Last year, students at the Colorado School of Mines voted to name their athletic facility “the Mine Shaft”.
Unfortunately for the overwhelming majority of students, some SJW got triggered from the name, and appealed to have the name removed.
The student wrote an email to administrators claiming the name “supports rape culture”.
Administrators were quick to appease the student.
From HeatStreet:
“The idea behind the name, at least from the students perspective, was that the students could tell the opposing team they had been ‘shafted,’” the student wrote. In making her complaint, the student used another racially loaded term (and some misspellings) in an email to administrators: “The most common definition of the word means to get jipped out of a deal, which doesn’t make since [sic] for us to be telling another team. But the other and most disturbing definition is to be raped. Bottom line, I think the name supports rape culture.
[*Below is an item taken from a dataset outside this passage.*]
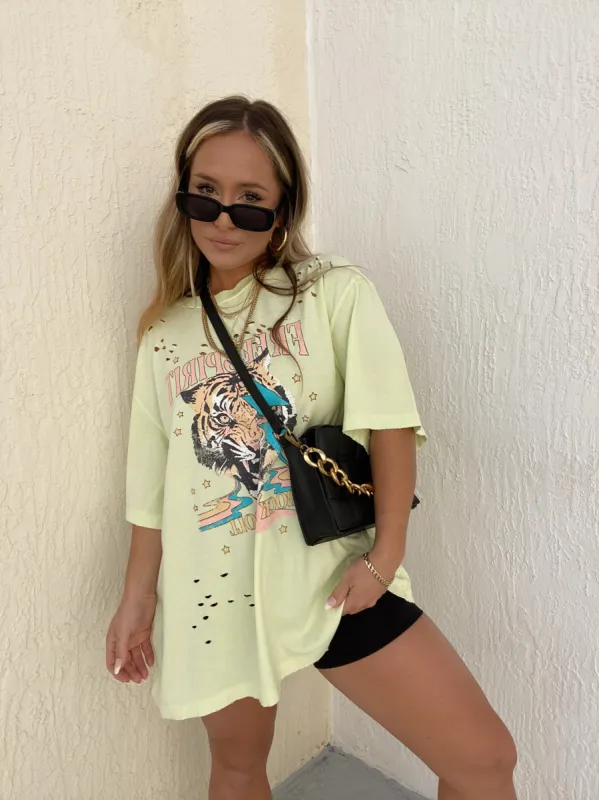 FREE SPIRIT DISTRESSED TEE NEON sold by Chic by Ally B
If Mines is truly trying to diversify the campus maybe they should not have the student section have such aphalic [sic] name.”
Administrators sprung into action after receiving the student’s complaint.
Katie Schmalzel, assistant director of housing operations, took the complaint so seriously that she forwarded it to the university’s Title IX coordinator. “I agree with [pronoun redacted] about the name being inappropriate, and goes against everything our work stands for,” she wrote.
Debra Lasich, the associate vice president for diversity and inclusion, linked to an urban dictionary page for “shafted,” adding, “most of the urban definitions don’t support their rationale.”
Nonetheless, Lasich wrote to the Title IX coordinator, “I agree with you that this needs to be addressed, and I’m concerned that that [sic] student life and the athletic department didn’t put parameters around naming the student section.”
Eventually, the Title IX coordinator lined up a meeting with the vice president of student life, who agreed to nix the name altogether to avoid giving offense.